══ Source material
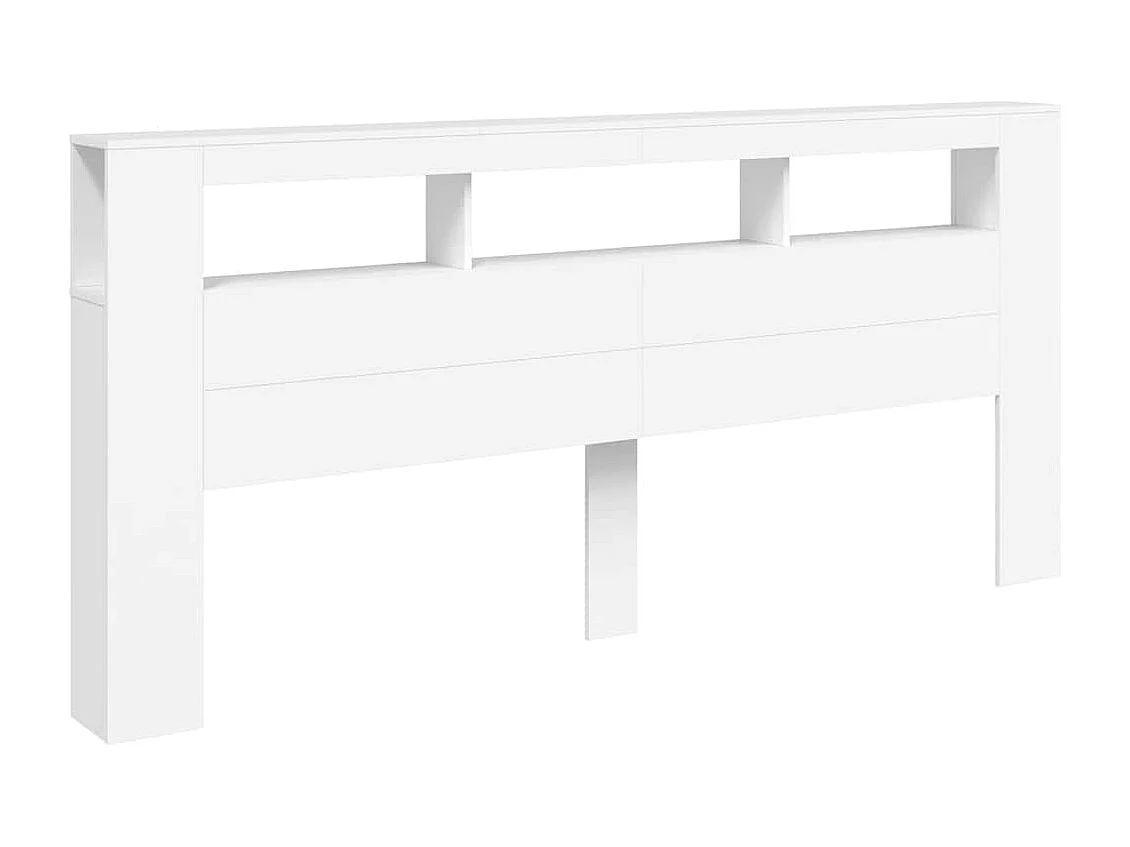 Tête de lit à LED blanc 220x18,5x103,5 cm bois d'ingénierie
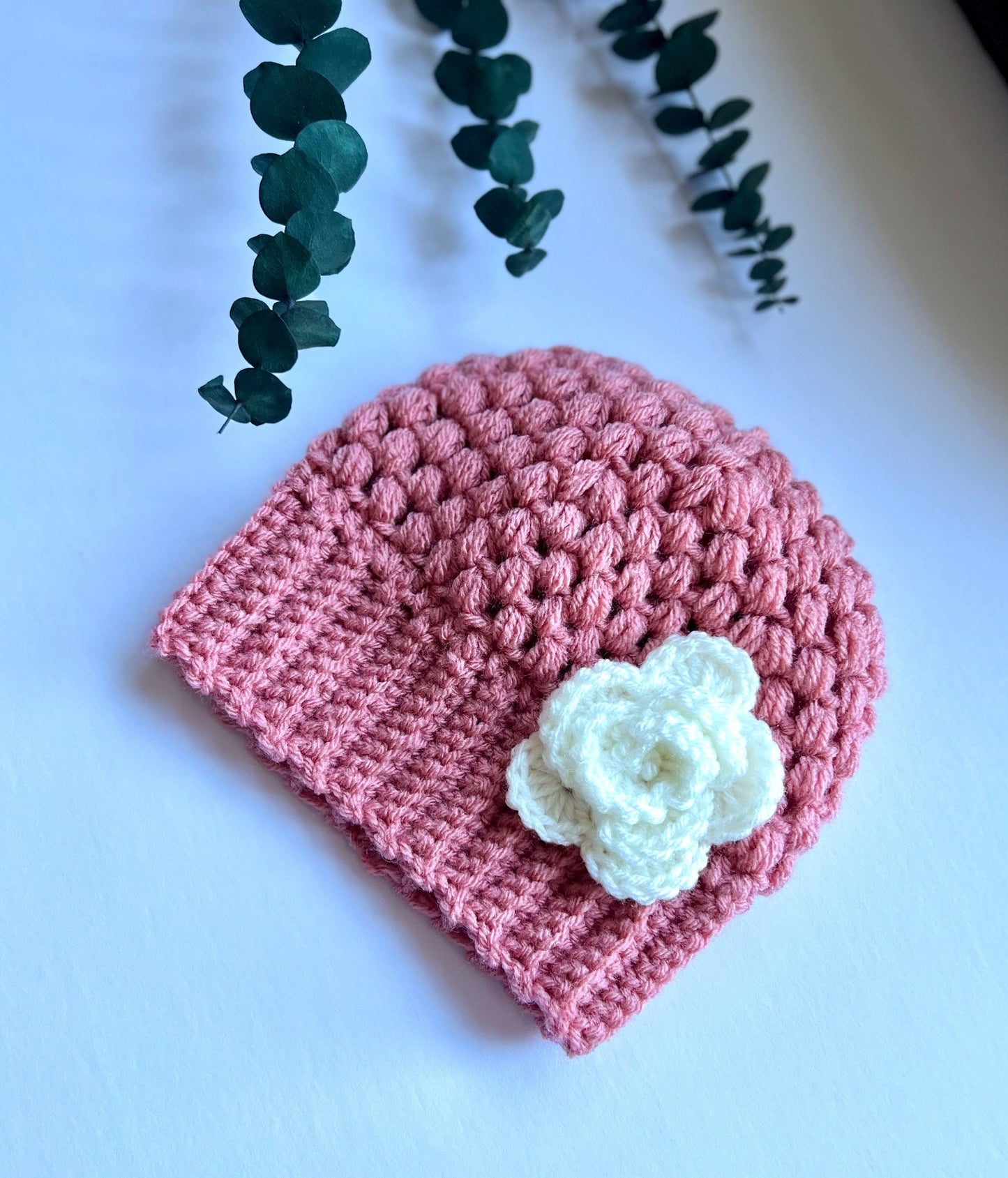 crochet hat for girl, pink hat with white crochet flower, great gift for any occasion, baby girl crochet hat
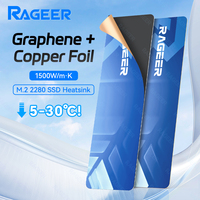 RAGEER M.2 2280 SSD Heatsink: Graphene + Copper with Thermal Pad for High-Performance NVMe/SATA Cooling. Easy Install 2 / 5-Pack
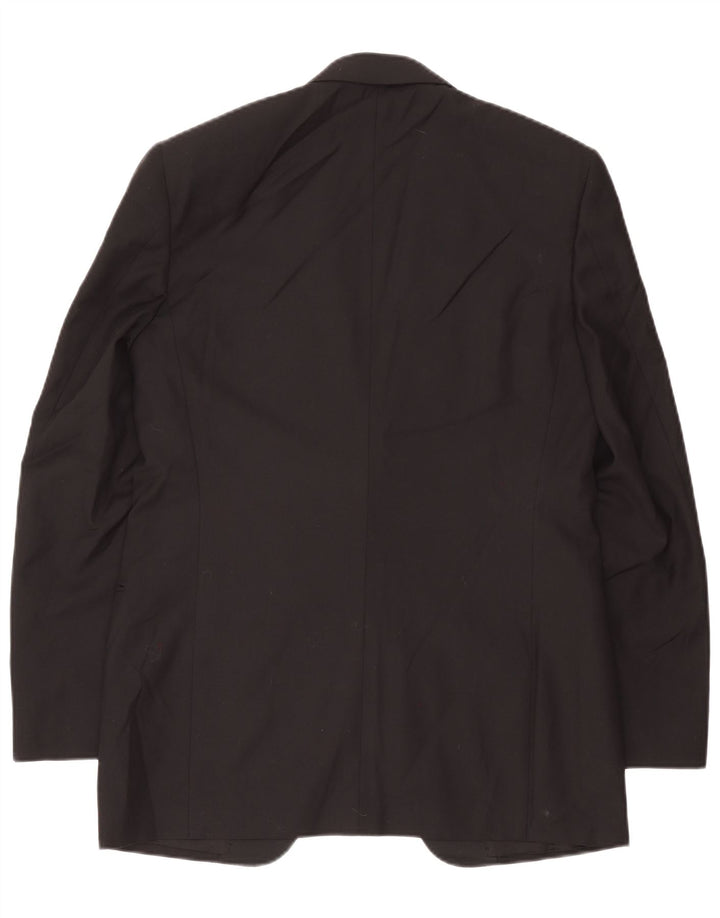 Canali Herren Longline 1-Knopf-Blazerjacke IT 48 Mittelschwarze Schurwolle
════
# What the task asks
Print the material above verbatim except the pictures.

# Result for this exercise
 Tête de lit à LED blanc 220x18,5x103,5 cm bois d'ingénierie
 crochet hat for girl, pink hat with white crochet flower, great gift for any occasion, baby girl crochet hat
 RAGEER M.2 2280 SSD Heatsink: Graphene + Copper with Thermal Pad for High-Performance NVMe/SATA Cooling. Easy Install 2 / 5-Pack
 Canali Herren Longline 1-Knopf-Blazerjacke IT 48 Mittelschwarze Schurwolle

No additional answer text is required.